Shader Authoring and Dispatch
=============================

vkdispatch lets you write compute logic in Python syntax and compile it to GLSL at
runtime. This page covers shader launch patterns and the key semantics of vkdispatch's
runtime shader generation model.

Examples below omit ``vd.initialize()`` and ``vd.make_context()`` because vkdispatch
creates them automatically on first runtime use. That default path is intentional:
generated shaders are specialized against the current machine/runtime unless you
explicitly choose dummy-mode codegen.

Runtime Generation Model
------------------------

``@vd.shader`` executes your Python function with tracing objects and emits shader code
as each operation runs.
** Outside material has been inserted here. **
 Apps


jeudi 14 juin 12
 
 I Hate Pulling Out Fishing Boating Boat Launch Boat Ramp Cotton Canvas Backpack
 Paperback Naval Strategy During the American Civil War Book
In practice:

1. vkdispatch inspects type-annotated arguments and creates shader variables.
2. arithmetic, indexing, swizzles, and assignment append GLSL statements.
3. the generated source is compiled into a compute plan and then dispatched.

This is different from AST/IR compilers: it is a forward streaming model, so explicit
register materialization and explicit shader control-flow helpers matter for performance
and correctness.

Default Runtime-Coupled Generation
----------------------------------

By default, ``vkdispatch`` generates shaders for the active runtime backend and uses that
runtime's limits when choosing implicit launch defaults such as ``local_size``.
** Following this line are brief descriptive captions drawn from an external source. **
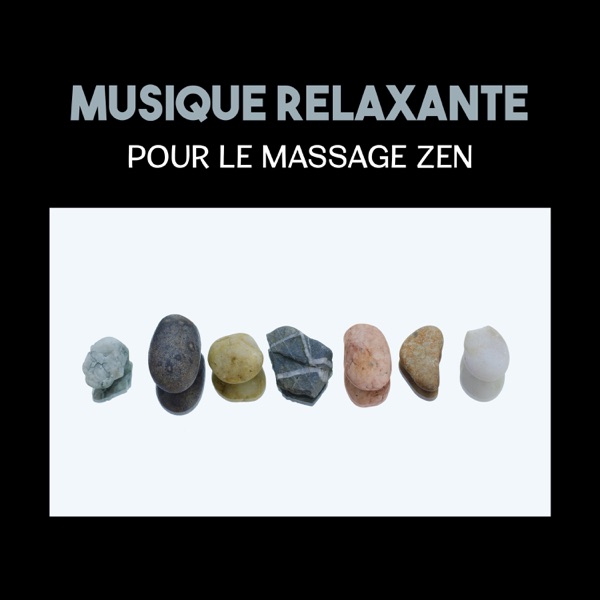 Musique relaxante pour le massage zen - Sons curatifs de la nature, musicothérapie pour spa, relaxation, reiki et sommeil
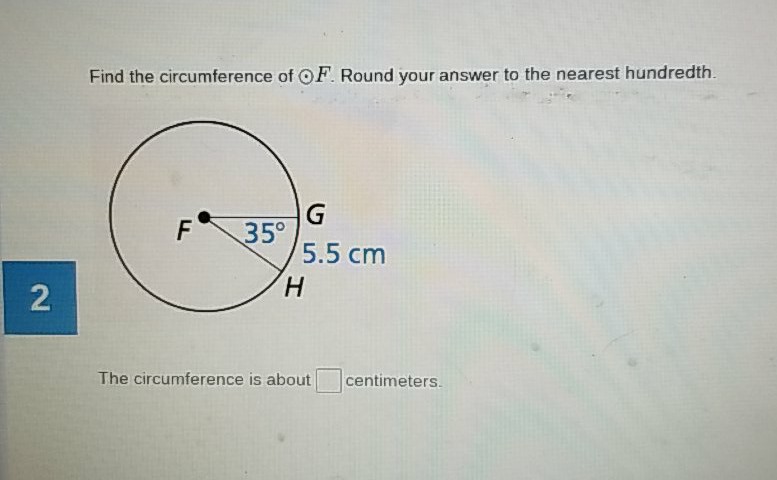 Find the circumference of \( \odot F \). Round your answer to the nearest hundredth.
The circumference is about centimeters.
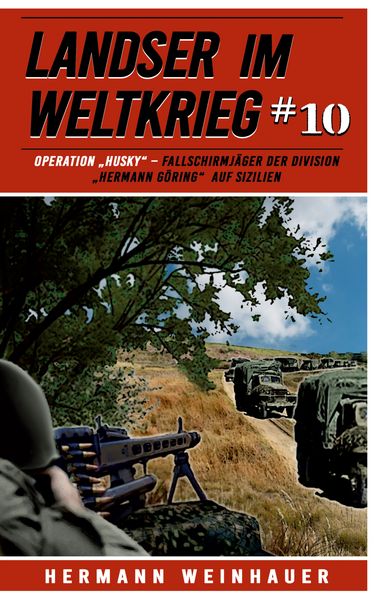 Produktbild: Landser im Weltkrieg 10: Operation &bdquo;Husky&ldquo;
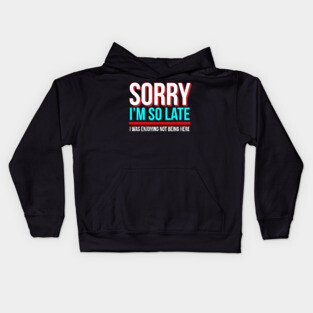 Sorry I'm So Late I Was Enjoying Not Being Here Kids Hoodie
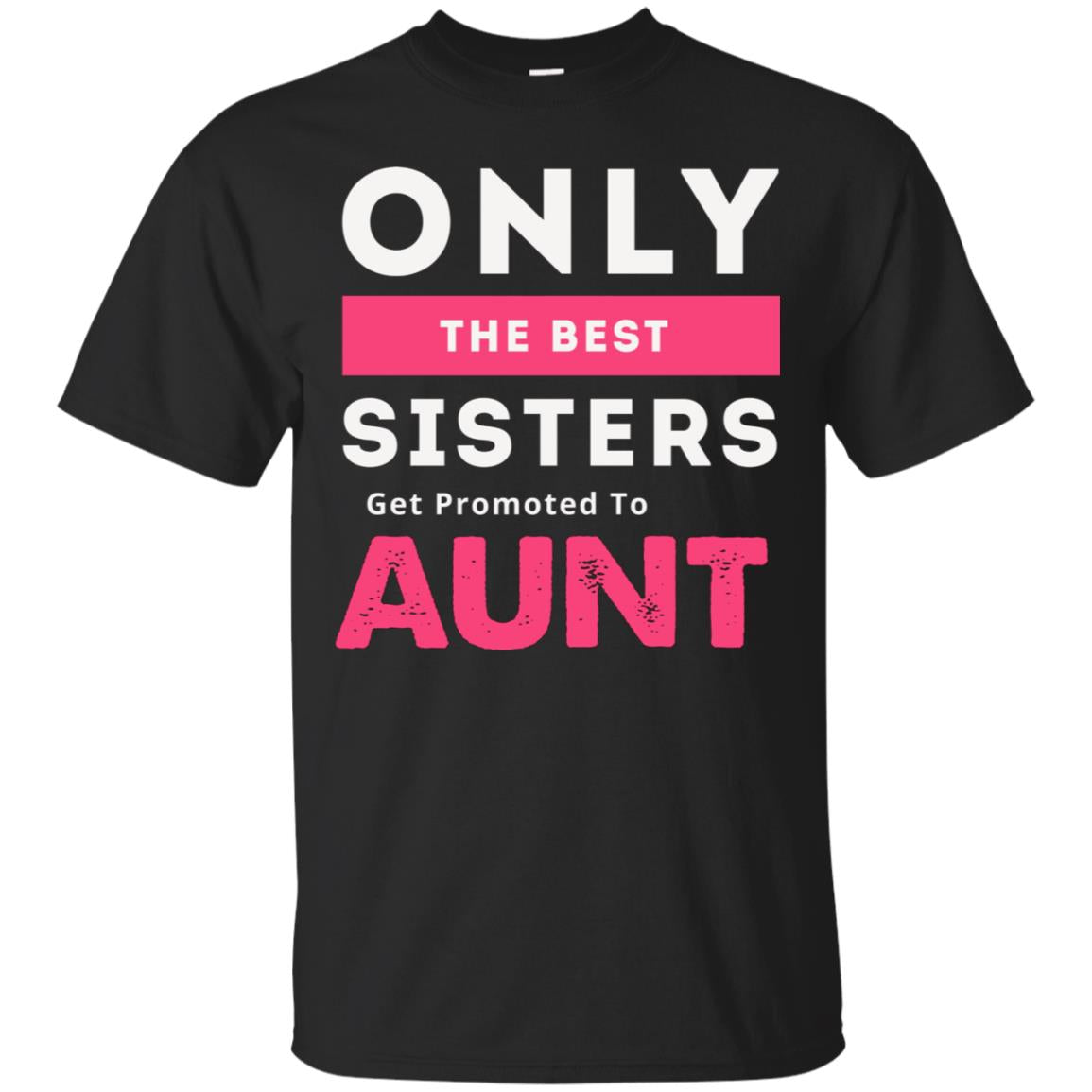 Funny Aunt Shirt Funny Aunt Shirt Only The B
This is the normal mode for end-to-end execution:

1. define the kernel with ``@vd.shader``
2. let ``vkdispatch`` auto-initialize or call ``vd.initialize(...)`` yourself
3. execute the shader or inspect ``get_src()`` for the current machine

If you want controlled source generation without relying on the active runtime, use the
dummy backend explicitly.

Imports and Type Annotations
----------------------------

Most shader examples use these imports:

.. code-block:: python

   import vkdispatch as vd
   import vkdispatch.codegen as vc
   from vkdispatch.codegen.abbreviations import *

* ``Buff[...]`` is a shader buffer argument type.
* ``Const[...]`` is a uniform/constant argument type.
* Dtype aliases such as ``f32``, ``i32``, and ``v2`` come from abbreviations.

Basic In-Place Kernel
---------------------

.. code-block:: python

   import numpy as np
   import vkdispatch as vd
   import vkdispatch.codegen as vc
   from vkdispatch.codegen.abbreviations import *

   # @vd.shader(exec_size=lambda args: args.buff.size)
   @vd.shader("buff.size")
   def add_scalar(buff: Buff[f32], bias: Const[f32]):
       tid = vc.global_invocation_id().x
       buff[tid] = buff[tid] + bias

   arr = np.arange(32, dtype=np.float32)
   buff = vd.asbuffer(arr)
   add_scalar(buff, 1.5)

   result = buff.read(0)
   print(result[:4])  # [1.5 2.5 3.5 4.5]

Launch Configuration
--------------------

Use one of these launch patterns:

* String expression (evaluated from function argument names):

  .. code-block:: python

     # @vd.shader(exec_size=lambda args: args.in_buf.size)
     @vd.shader("in_buf.size")
     def kernel(in_buf: Buff[f32], out_buf: Buff[f32]):
         ...

* Fixed total dispatch size:

  .. code-block:: python

     @vd.shader(exec_size=(1024, 1, 1))
     def kernel(...):
         ...

* Dynamic size from call arguments:

  .. code-block:: python

     @vd.shader(exec_size=lambda args: args.in_buf.size)
     def kernel(in_buf: Buff[f32], out_buf: Buff[f32]):
         ...

* Explicit workgroups instead of ``exec_size``:

  .. code-block:: python

     @vd.shader(workgroups=(64, 1, 1), local_size=(128, 1, 1))
     def kernel(...):
         ...

``exec_size`` and ``workgroups`` are mutually exclusive.
The string form is often the most concise option for argument-dependent dispatch size.
It is evaluated dynamically, so it is slightly more brittle than the lambda form.
When you want the declaration itself to be more explicit and deterministic, prefer
``exec_size=lambda args: ...``.

You can also override launch parameters per call:

.. code-block:: python

   # Reuse the same compiled shader with different dispatch sizes.
   add_scalar(buff, 1.5, exec_size=buff.size)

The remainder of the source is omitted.